Petroleum refinery wastewater (PRW) that contains recalcitrant components as the major portion of constituents is difficult to treat by conventional biological processes.
Microbial fuel cells (MFCs) which also produce renewable energy were found to be promising for the treatment of PRW. However, due to the high total dissolved solids and low organic matter content, the efficiency of the process is limited. Labaneh whey (LW) wastewater, having higher biodegradability and high organic matter was evaluated as co-substrate along with PRW in standard dual chambered MFC to achieve improved power generation and treatment efficiency.

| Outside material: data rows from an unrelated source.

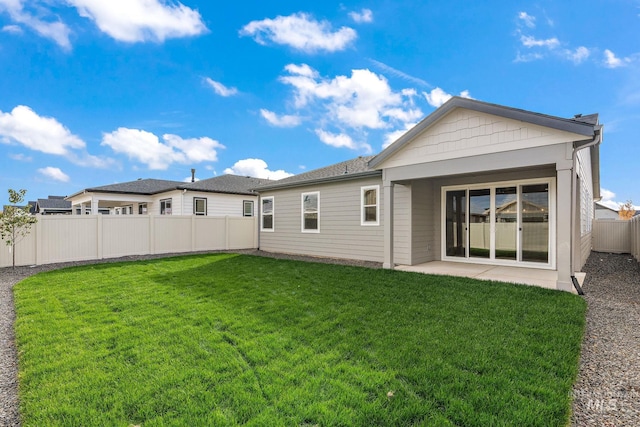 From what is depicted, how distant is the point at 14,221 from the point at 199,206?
28.7 feet

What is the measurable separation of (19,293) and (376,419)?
304 inches

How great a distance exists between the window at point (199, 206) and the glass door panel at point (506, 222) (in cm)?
1471

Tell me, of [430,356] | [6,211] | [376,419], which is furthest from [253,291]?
[6,211]

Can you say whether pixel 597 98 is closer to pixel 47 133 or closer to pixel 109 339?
pixel 109 339

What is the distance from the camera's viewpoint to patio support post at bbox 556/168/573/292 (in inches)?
224

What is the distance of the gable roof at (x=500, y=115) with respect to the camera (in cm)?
550

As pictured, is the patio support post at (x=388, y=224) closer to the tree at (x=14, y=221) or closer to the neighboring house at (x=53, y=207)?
the tree at (x=14, y=221)

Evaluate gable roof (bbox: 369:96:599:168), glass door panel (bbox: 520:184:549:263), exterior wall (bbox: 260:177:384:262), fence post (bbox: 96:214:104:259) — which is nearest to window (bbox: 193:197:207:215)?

Among several concentrations of LW as co-substrate in the range of 5–30% (v/v) with PRW, 85:15 (PRW:LW) showed to have the highest power generation (power density (PD), 832 mW/m2), which is two times higher than the control with PRW as sole substrate (PD, 420 mW/m2). On the contrary, a maximum substrate degradation rate of 0.420 kg COD/m3-day (ξCOD, 63.10%), was registered with 80:20 feed. Higher LW ratios in PRW lead to the production of VFA which in turn gradually decreased the anolyte pH to below 4.5 (70:30 feed).
This resulted in a drop in the performance of MFC with respect to power generation (274 mW/m2, 70:30 feed) and substrate degradation (ξCOD, 17.84%).